_Task details:_ Retype each line below precisely.

Extracted data entries
========================================

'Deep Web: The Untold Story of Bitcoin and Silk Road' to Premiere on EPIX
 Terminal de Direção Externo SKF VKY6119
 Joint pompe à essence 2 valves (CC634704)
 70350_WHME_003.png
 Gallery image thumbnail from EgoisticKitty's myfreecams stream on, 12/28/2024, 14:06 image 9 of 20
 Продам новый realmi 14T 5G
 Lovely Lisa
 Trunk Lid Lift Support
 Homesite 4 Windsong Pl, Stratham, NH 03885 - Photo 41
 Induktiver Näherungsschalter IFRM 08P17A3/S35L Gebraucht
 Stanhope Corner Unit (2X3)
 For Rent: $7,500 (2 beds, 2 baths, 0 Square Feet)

========================================

_Solution for this exercise:_
'Deep Web: The Untold Story of Bitcoin and Silk Road' to Premiere on EPIX
 Terminal de Direção Externo SKF VKY6119
 Joint pompe à essence 2 valves (CC634704)
 70350_WHME_003.png
 Gallery image thumbnail from EgoisticKitty's myfreecams stream on, 12/28/2024, 14:06 image 9 of 20
 Продам новый realmi 14T 5G
 Lovely Lisa
 Trunk Lid Lift Support
 Homesite 4 Windsong Pl, Stratham, NH 03885 - Photo 41
 Induktiver Näherungsschalter IFRM 08P17A3/S35L Gebraucht
 Stanhope Corner Unit (2X3)
 For Rent: $7,500 (2 beds, 2 baths, 0 Square Feet)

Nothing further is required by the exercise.